*GIVEN MATERIAL:*
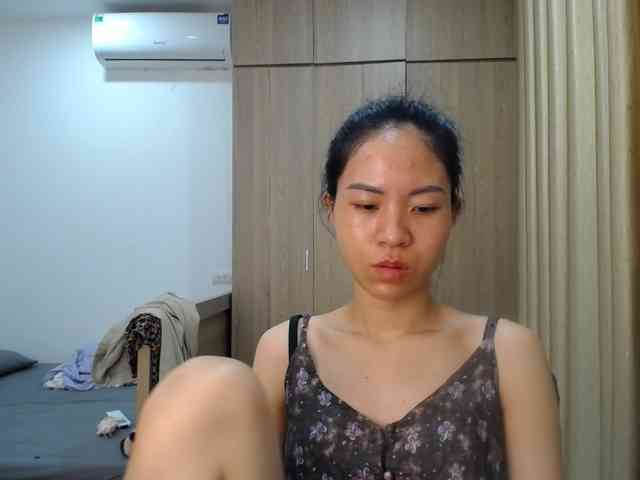 AsiaSweet91 webcam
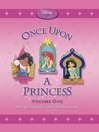 Once Upon a Princess, Volume 1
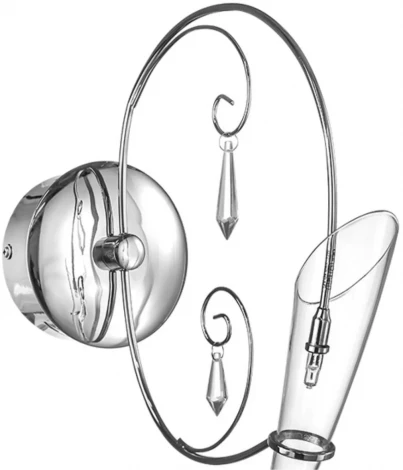 Бра Lightstar Scarabeo 755614 (12V)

*REQUIRED WORK:*
Transcribe the material above in full. No picture is to be copied.

*ANSWER TO THE EXERCISE:*
 AsiaSweet91 webcam
 Once Upon a Princess, Volume 1
 Бра Lightstar Scarabeo 755614 (12V)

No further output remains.